When I was very little, one of my favorite books was a new volume from the Little Golden Books series called Out of My Window. It came out when I was a toddler, and although my mother wasn’t an education Tiger Mom determined to teach me to read before kindergarten or first grade, it became clear to Adult Me (and maybe Teenage Me?) that she did use it to build up my vocabulary.

Author Alice Low’s plot was pretty straightforward. She described a typical day for a young girl not much older than Toddler Me looking out the window of her house and ticking off everything visible from that perch: a tree, the house across the street, a dog, a parked car, a neighbor walking by – even an airplane flying overhead. You get the idea. And along the way, while being read to, small children were supposed to start associating images with the relevant spoken word they heard. It was probably a great reading aid, too, once my formal education began.

I start off with this brief nostalgia trip because the Washington Post print edition that arrives at my home every morning is supposed to be a one of my windows out on the world. And today’s paper – as is often the case – is worth reviewing because it’s such a vivid reminder of how cracked, and in fact, distorted the pane of glass provided by this Mainstream Media mainstay so often is.

I still start off each day with the Sports section, truncated and, frankly, depressing, as it is. And on the front page what did I see but columnist Jerry Brewer – who’s overall a pretty sensible type – reporting that

“After George Floyd died in Minneapolis police custody, the Los Angeles Lakers [U.S. pro basketball team] made a declaration that speaks for how most players in sports — especially those in predominantly black leagues — feel: “If YOU ain’t wit US, WE ain’t wit Y’ALL!”
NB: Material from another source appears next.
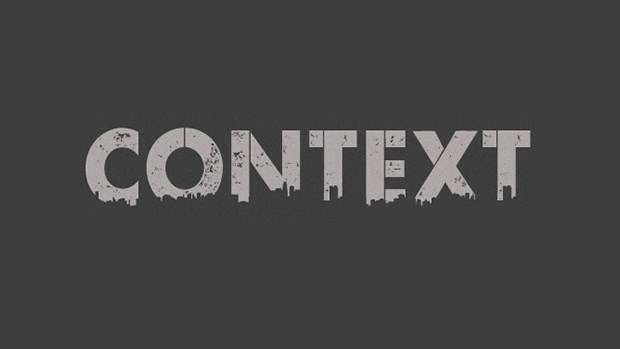 Sunday is for Series: Contextualize This! The Gospel in a Worldly Context Sunday is for Series: Contextualize This! The Gospel in a Worldly Context
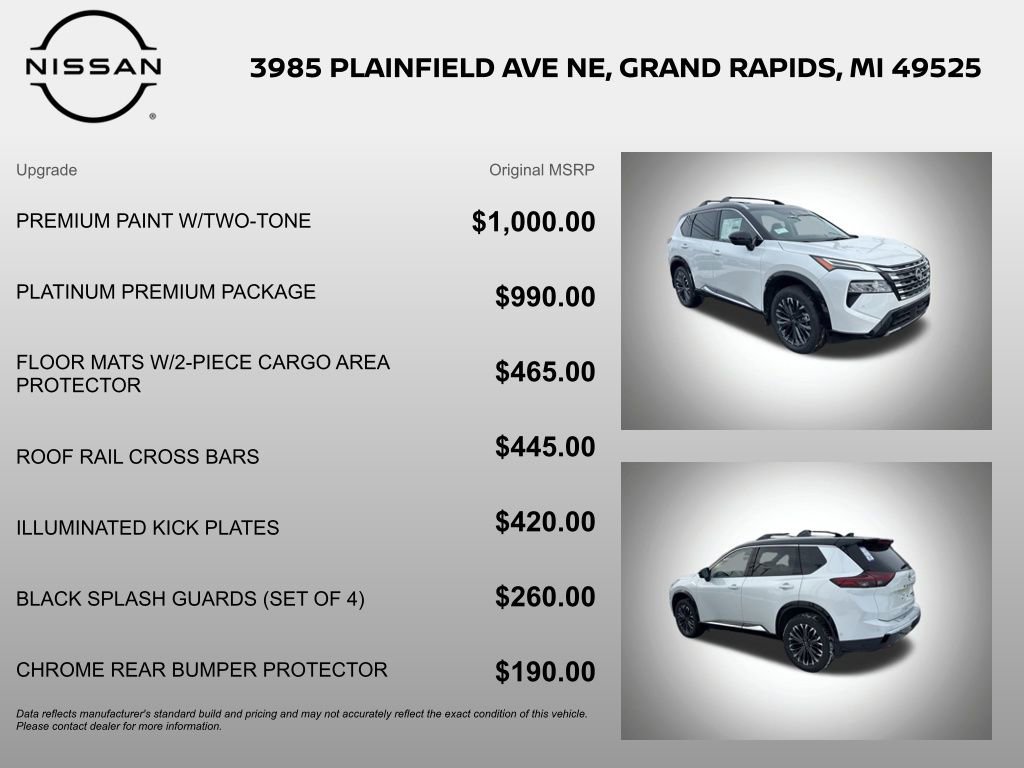 New 2026 Nissan Rogue Platinum w/ Platinum Premium Package image 6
Nothing from him, or apparently from the Lakers, elaborating on what “wit US” means. Are the players (and coaches? and management?) telling me and other basketball fans that I need to support the full agendas of Black Lives Matter movements? Police defunding efforts? Defacing or unlawful pulldowns of all supposedly offensive statues? Moreover, what about issues that it seems no one asssociated with the Lakers is “wit”? Like the massive oppression of human rights by China, a market that’s been immensely profitable for the entire franchise.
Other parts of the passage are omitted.